Refugee crisis: Razor wire border fences spell end of free travel within Fortress Europe
Tight border patrols and tough new Hungarian laws punishing illegal entry and border fence vandalism slowed down the amount of refugees allowed through the borders.
Refugee entry restrictions, along with tighter border controls that have been recently imposed by Austria and other Balkan states, have stalled but not stopped the ongoing flow of people who are travelling across Europe.
As a result of the ongoing crisis, many Schengen countries have temporarily reintroduced controls on some, if not all of their borders with other Schengen states. On 16 February 2016, Austria, Denmark, France, Germany, Norway and Sweden announced that they were limiting the number of refugees who were allowed to pass through, leaving thousands of people stranded at the fences.
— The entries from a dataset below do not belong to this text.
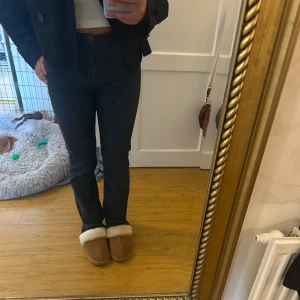 Lågmidjade bootcut jeans - Jätte snygga jeans som inte kommer till användning💗 De är i tunt matrerial och sitter perfekt i längden för mig som är 165 cm. Det står ingen storlek men passar bra på mig som har storlek S🥰Det finns några slitningar vid låren men inget som syns när man har på sig jeansen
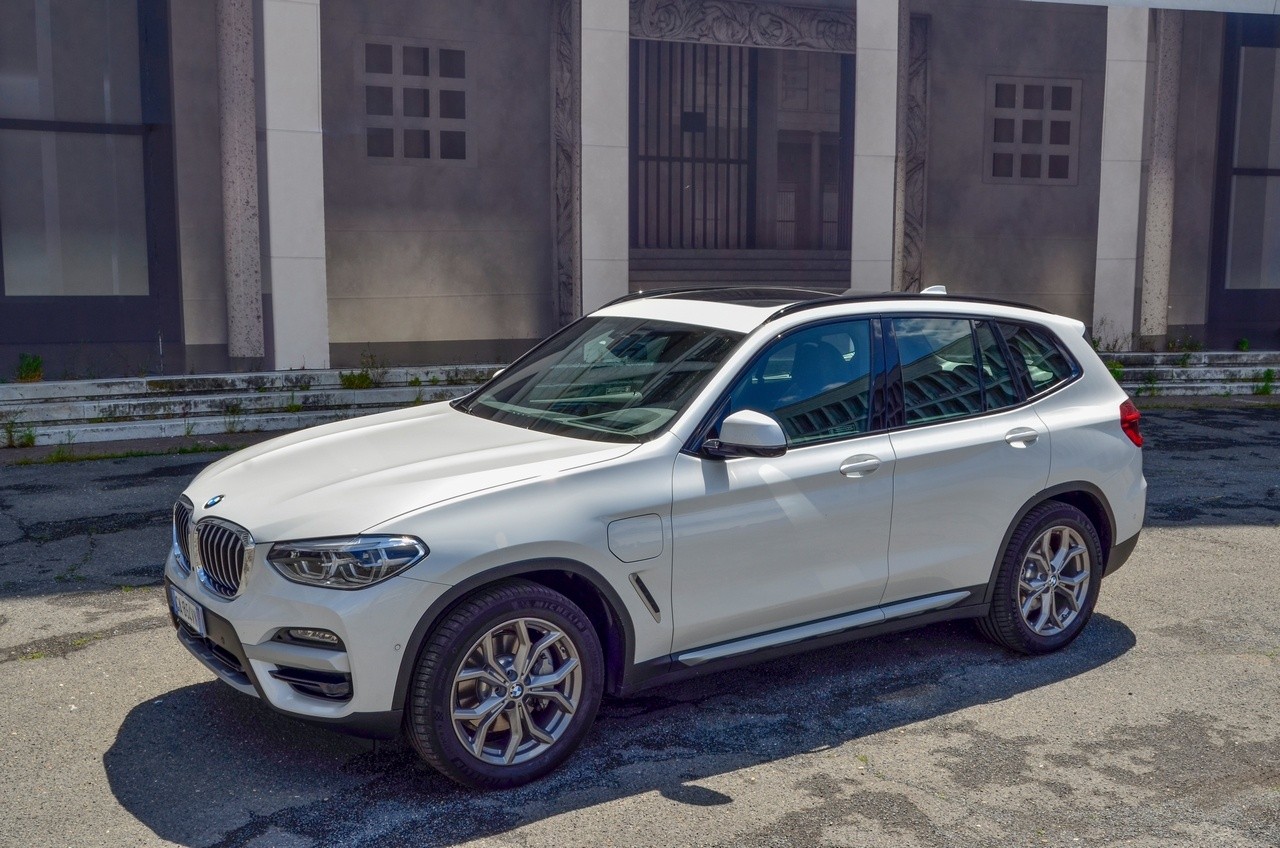 BMW X3 30e: prova su strada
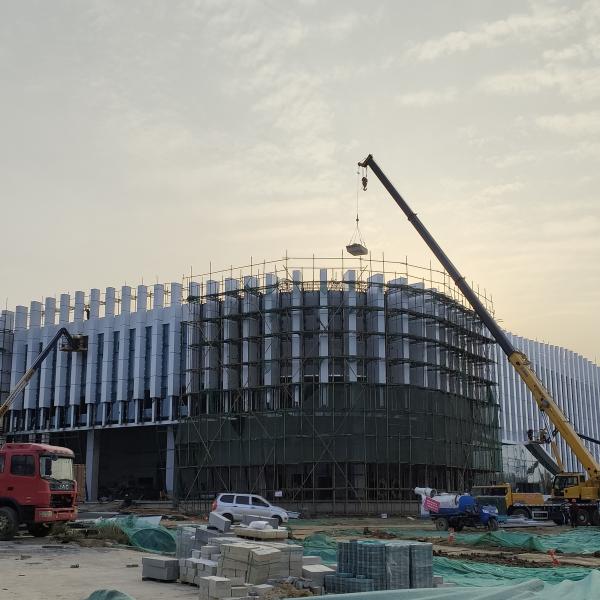 Q355B Glass Aluminium Curtain Wall Construction 0.36mm-0.6mm Customized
When Hungary built a razor-wire fence on its borders with Serbia and Croatia in 2015, the flow of refugees was redirected westward toward Slovenia. Tight border patrols and tough new Hungarian laws punishing illegal entry and border fence vandalism slowed down the amount of refugees allowed through the borders. Now illegal crossings into Hungary have sharply increased after other nations along the Balkans reduced the flow of people to only a few hundred a day and set new limits on their nationalities.
Afghans, who had passed freely before, were suddenly not being allowed to leave Greece, and no officials would say why, leaving tens of thousands of people stuck at its northern border, overflowing the refugee camp at Idomeni.
A regional governor has since called on the Greek government to declare a state of emergency for the surrounding area of the Idomeni crossing, where around 13-14,000 people are trapped at the border that it shares with Macedonia, while another 6-7,000 are being housed in refugee camps around the region. Living conditions are worsening, and it is feared that another 18,000 refugees elsewhere in Greece will eventually join them.
Fellow EU leaders, long divided over how to end chaotic movements that have put Europe's Schengen open border system in jeopardy are pledging help to Athens cope with the backlog and seek assurances that Turkey, with NATO naval back-up in the Aegean, will stop people smugglers putting refugees to sea.
Smuggling opportunities have bloomed across the Balkan migrant route that goes through Macedonia, Serbia, Croatia and Slovenia before reaching Austria, with travellers not only risking their money, but their lives. In August 2015, Austrian authorities found 71 people, from 10 months to 56 years old, who suffocated in the airtight cargo of a truck that left Serbia, travelling via Hungary to Austria. Refugees are continuing to be smuggled into car boots or squeezed into secret compartments on trucks or buses, before driven along the same illegal smuggling routes used by drug traffickers. Others may be taken through regular border crossings where guards or custom officers are being bribed to turn a blind eye.
Still, there are others who are driven to the borders by traffickers, mostly taxi drivers, and are then left to cross the fences on their own. If they are lucky, they will be picked up again by another smuggler on the other side of the border after walking through forests or across frozen rivers. If not, they will be caught by border patrols.
A border fence, which separates neighbouring countries Morocco and Spain is frequently climbed by those travelling to the West. In 2014, 2,000 people made their way across Melilla, a tiny Spanish enclave on the northern coast of Morocco, before they reached the border fences. Roughly 60 attempts were made. Thousands of African immigrants living illegally in Morocco try to enter Spain's enclaves of Melilla and Ceuta each year, hoping to reach Europe.